I think this is related to a recent thread, although my memory is hazy:

Chimps make great teachers and students
22:00 28 August 2006
NewScientist.com news service
Bob Holmes
Chimpanzees can pass knowledge from one individual to the next with nearly
perfect accuracy through several "generations" of teacher and learner, a new
study shows.

This ability, which has never been demonstrated in chimps before, means that
these apes have one of the key skills needed to create and maintain true
cultural differences among groups.

Researchers have known for many years that different groups of wild chimps
behave differently. However, without controlled experiments it is impossible
to know for certain whether these represent adaptations to subtly different
conditions or different traditions inherited culturally within each group.

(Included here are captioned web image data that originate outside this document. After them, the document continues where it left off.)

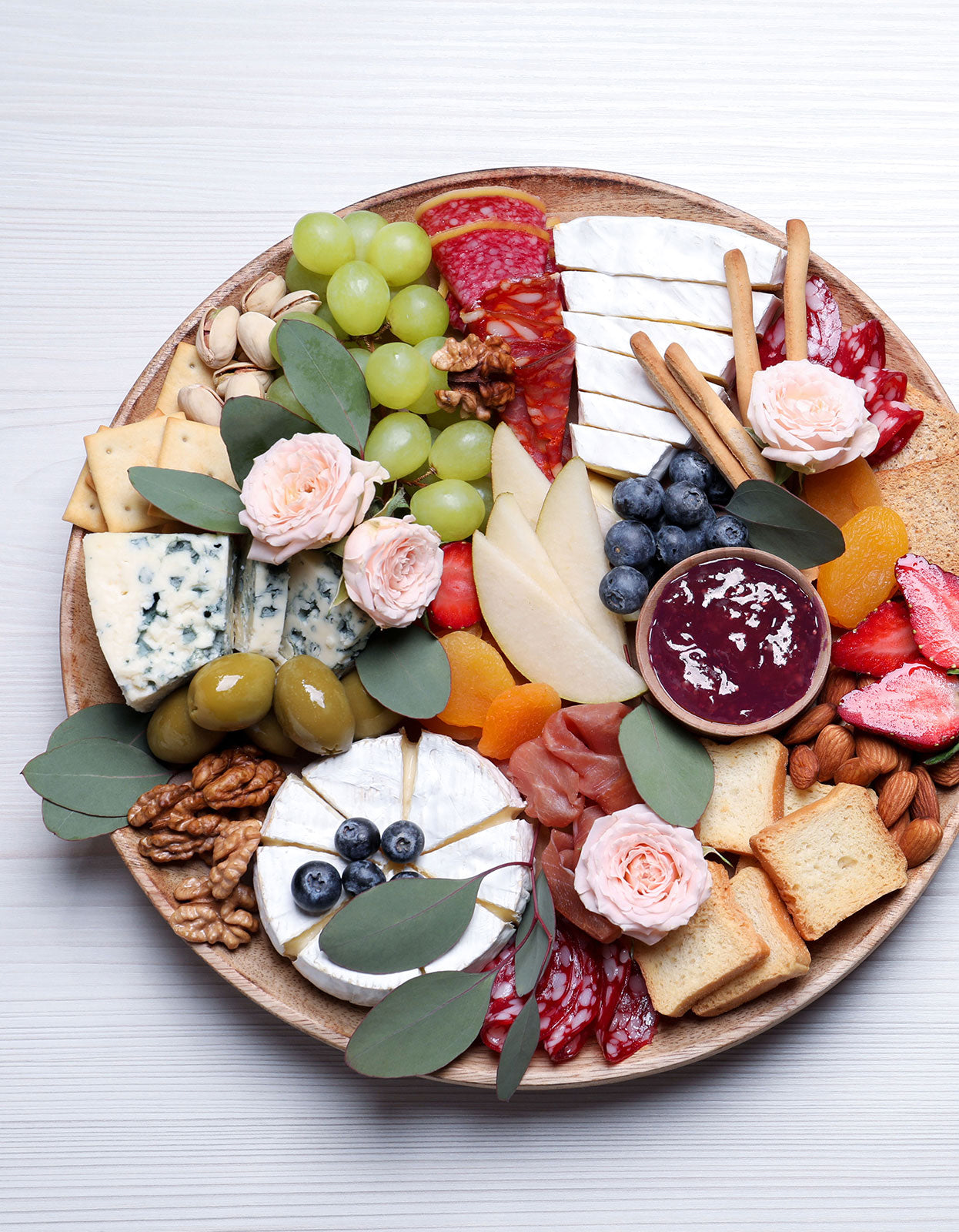 Gorgeous charcuterie board featuring an array of meats, cheeses, and fresh fruits, pairs with our organic rose petal jam.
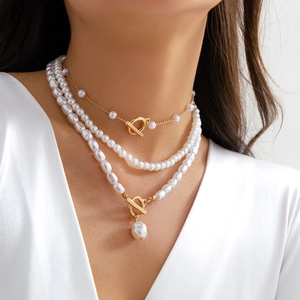 Detailed layered necklace featuring Baroque pearls and gold T-bar toggle chains on model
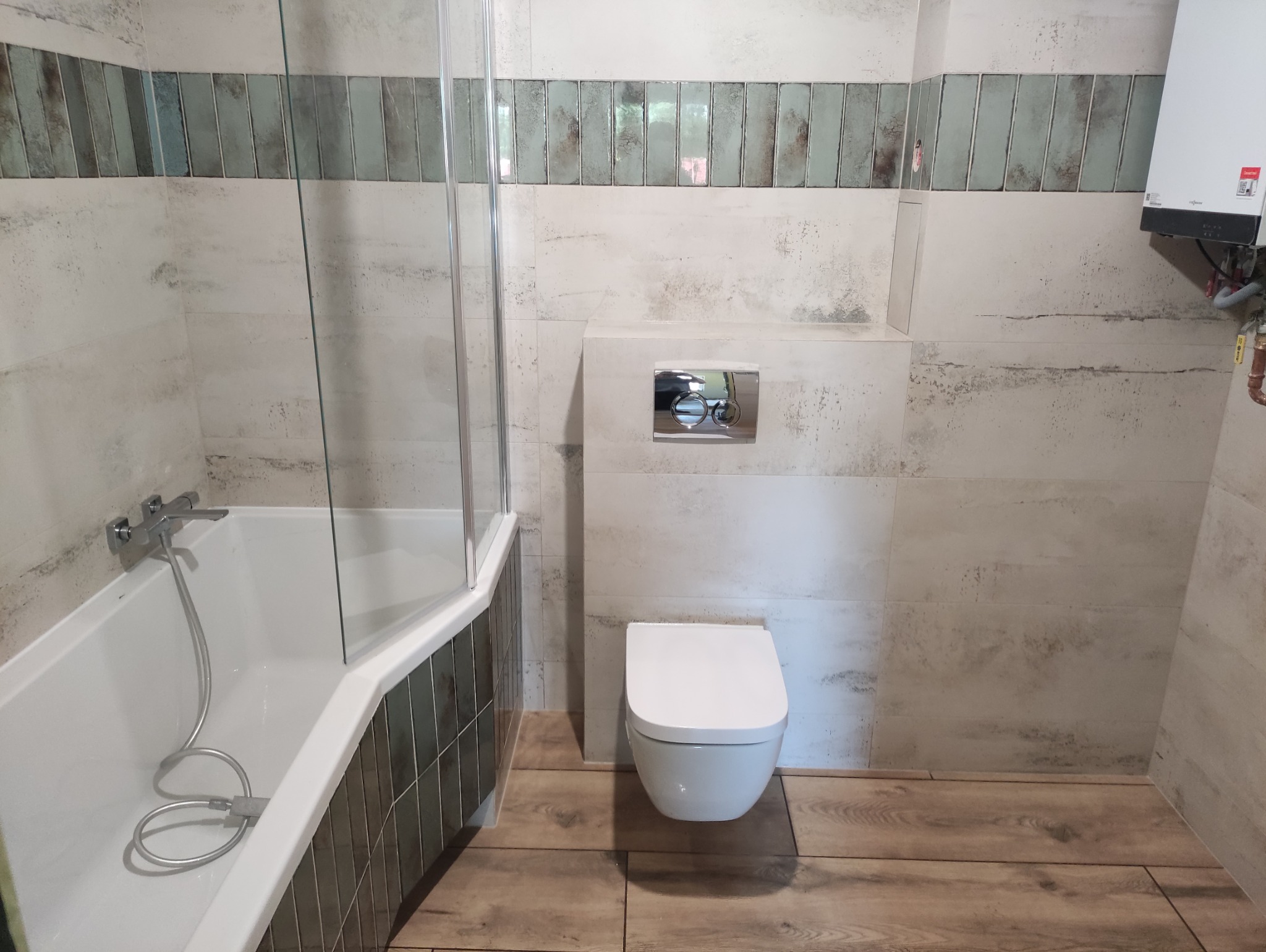 Wykończona łazienka z beżowymi płytkami imitującymi kamień, drewnopodobną podłogą i zabudowaną toaletą. Widoczny bojler i fragment kabiny prysznicowej.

Victoria Horner, a primate behaviourist at the University of St Andrews, UK,
and colleagues tested whether chimps are capable of transmitting knowledge
faithfully through a chain of learners.

The researchers devised a box whose door could be opened in either of two
ways, by lifting a flap or sliding it sideways. "Then we basically set up
the telephone game [also known as Chinese whispers] with chimpanzees,"
Horner explains. See footage of the sliding chimps and the lifting chimps in
action (both avi format, 3.2MB and 2.5MB)

Naïve apprentice
The team trained one chimp to lift the flap to get a food reward, then let a
second chimp watch the first one demonstrate the technique several times.
The "teacher" was then removed and a new naïve apprentice was brought in to
watch the newly taught chimp, and so on.

A second cultural lineage was started with a chimp trained to slide the door
instead of lifting.

In both lineages, the knowledge was passed down almost perfectly: through
six teacher-pupil iterations, chimps trained by lifters always lifted, and
through five generations sliders always slid.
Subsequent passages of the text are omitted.